## Records from a dataset
# # # #

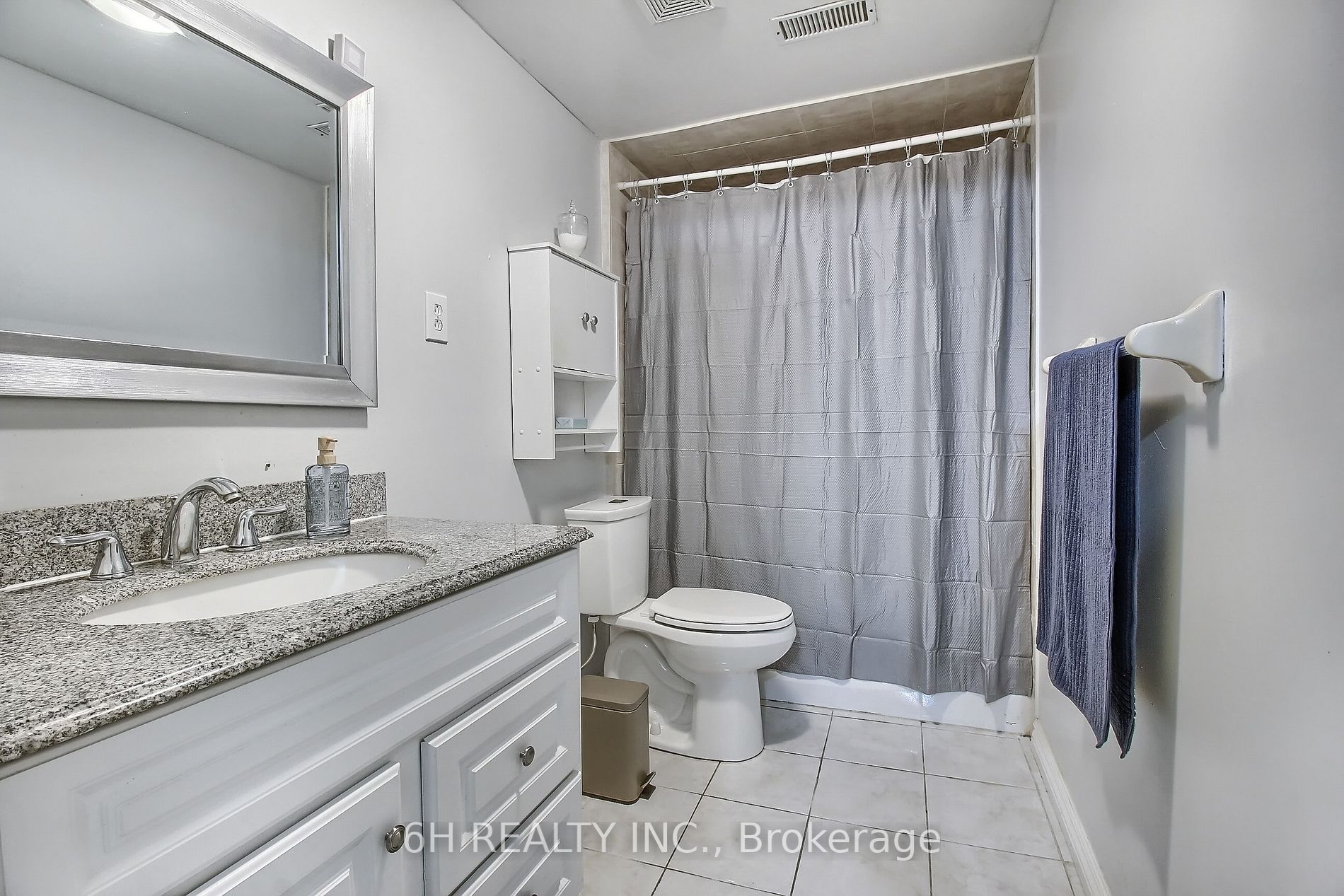 70 Echo Ridge Cres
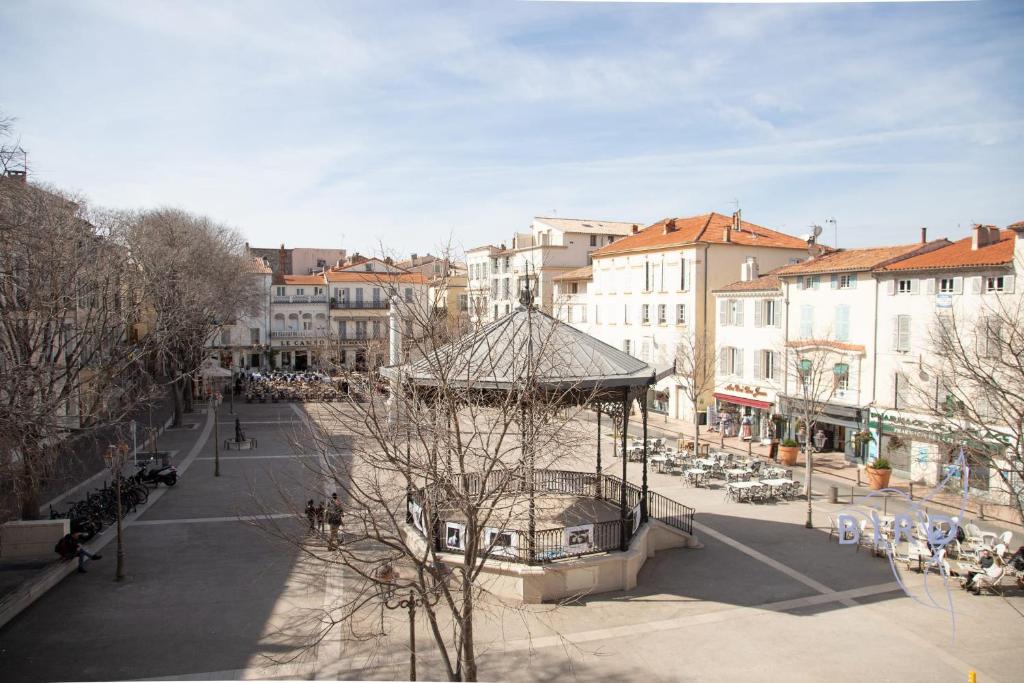 - une vue sur une ville avec une rue et des bâtiments dans l'établissement Beautiful apartment Place Nationale in Antibes old town, à Antibes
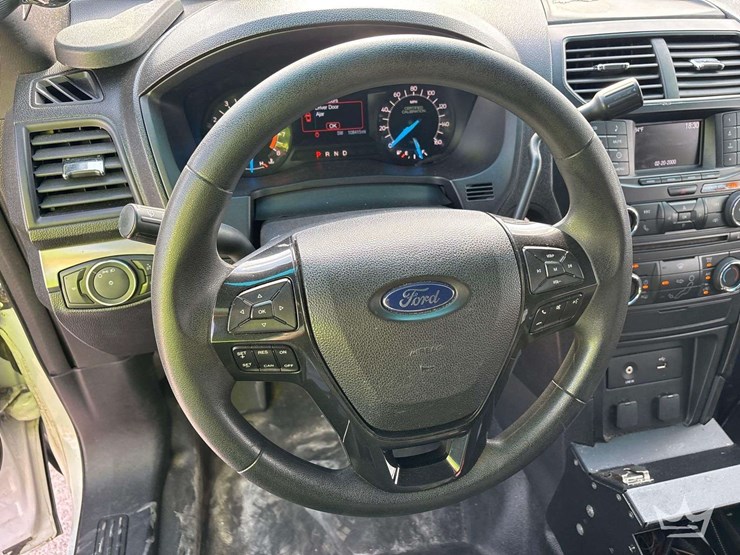 2016-ford-explorer-image-14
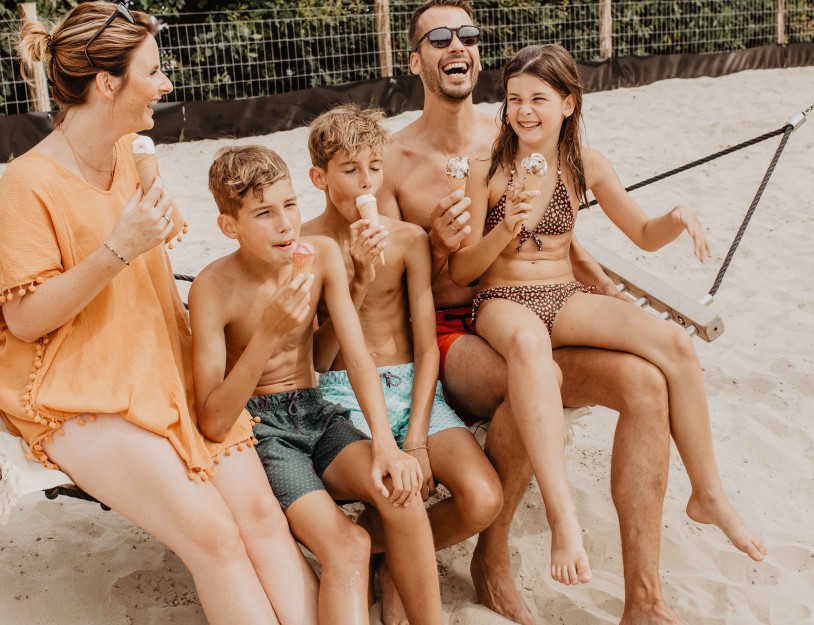 Camping-de-kleine-wolf-schommel-gezin-ijsje-lachen.jpg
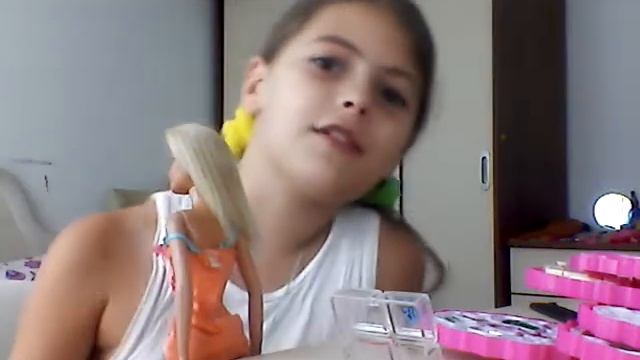 Покрасила кукле волосы розовыми тенями! смотреть онлайн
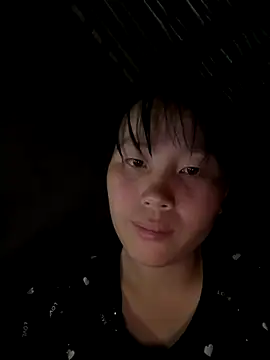 Snapshot of huong-18 chatting on November 2025 02:28:01 PM huong-18 online show from November 2025 02:28:01 PM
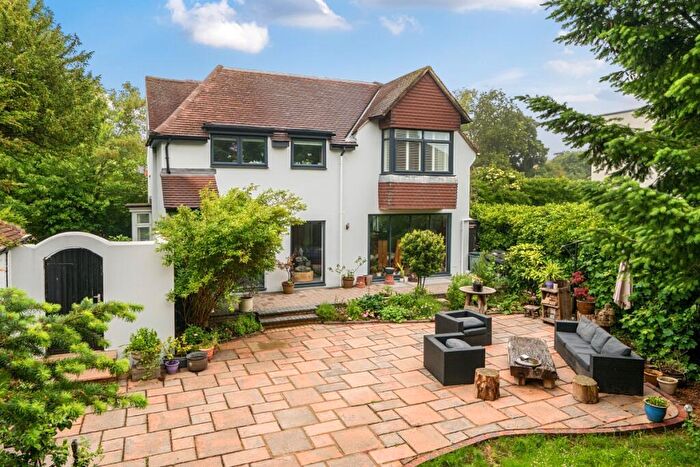 5 Bedroom Detached House To Rent In Shirley Drive Hove, BN3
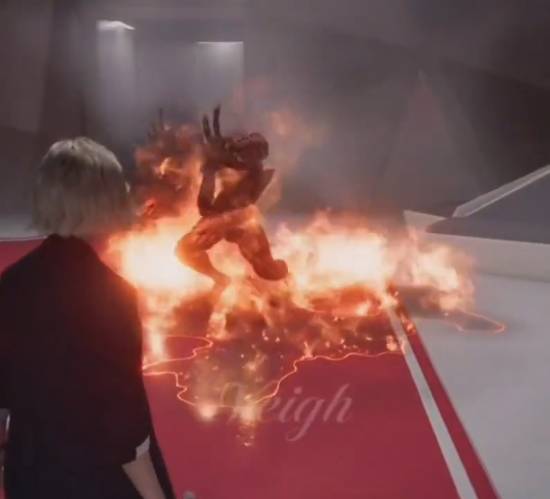 《生化9》格蕾丝被玩坏！在火中和舔食者疯狂跳舞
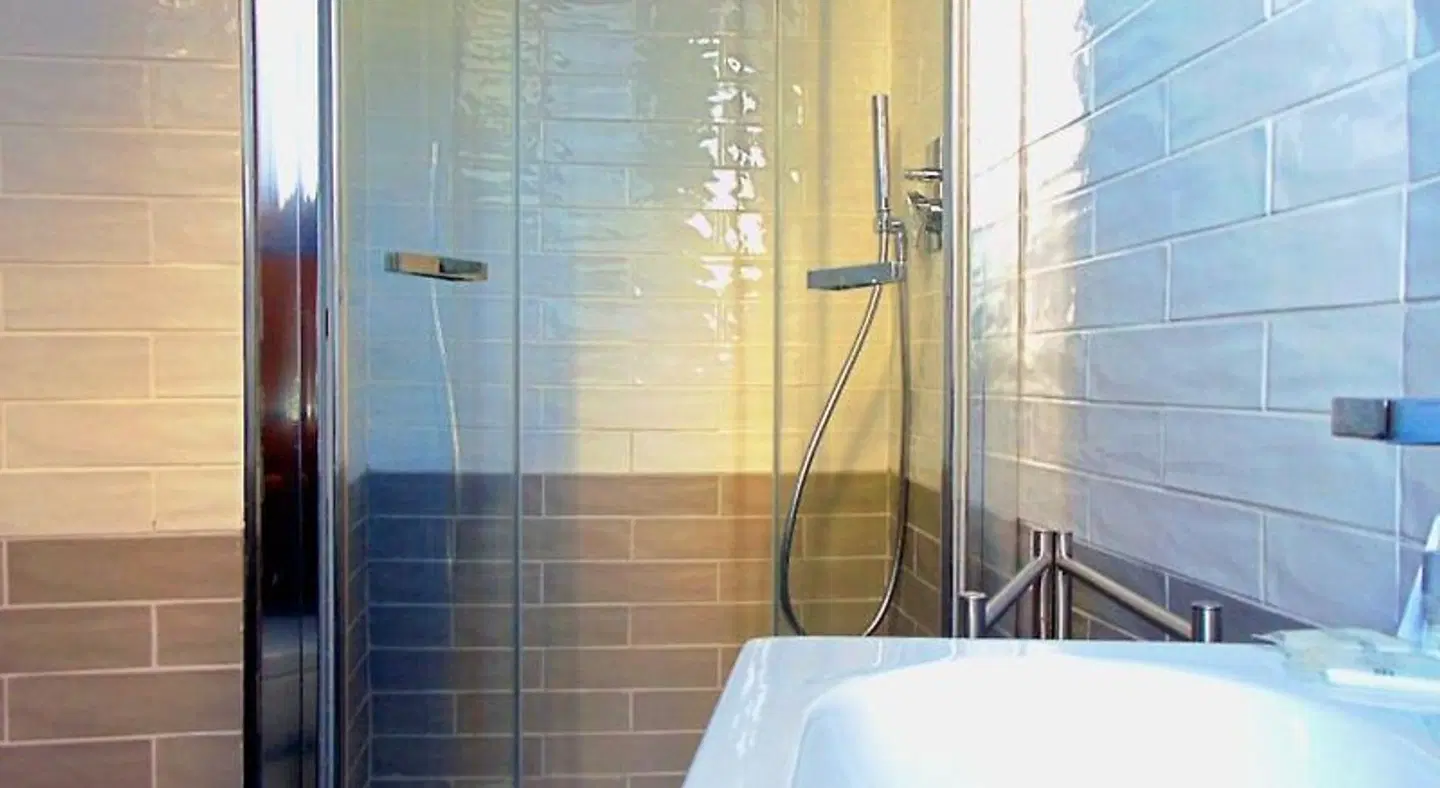 EMI's Guest House HEALTH_BEAUTY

# # # #

## Problem statement
Verbatim output of every entry above is required, though pictures are to be left out.

## Your solution
 70 Echo Ridge Cres
 - une vue sur une ville avec une rue et des bâtiments dans l'établissement Beautiful apartment Place Nationale in Antibes old town, à Antibes
 2016-ford-explorer-image-14
 Camping-de-kleine-wolf-schommel-gezin-ijsje-lachen.jpg
 Покрасила кукле волосы розовыми тенями! смотреть онлайн
 Snapshot of huong-18 chatting on November 2025 02:28:01 PM huong-18 online show from November 2025 02:28:01 PM
 5 Bedroom Detached House To Rent In Shirley Drive Hove, BN3
 《生化9》格蕾丝被玩坏！在火中和舔食者疯狂跳舞
 EMI's Guest House HEALTH_BEAUTY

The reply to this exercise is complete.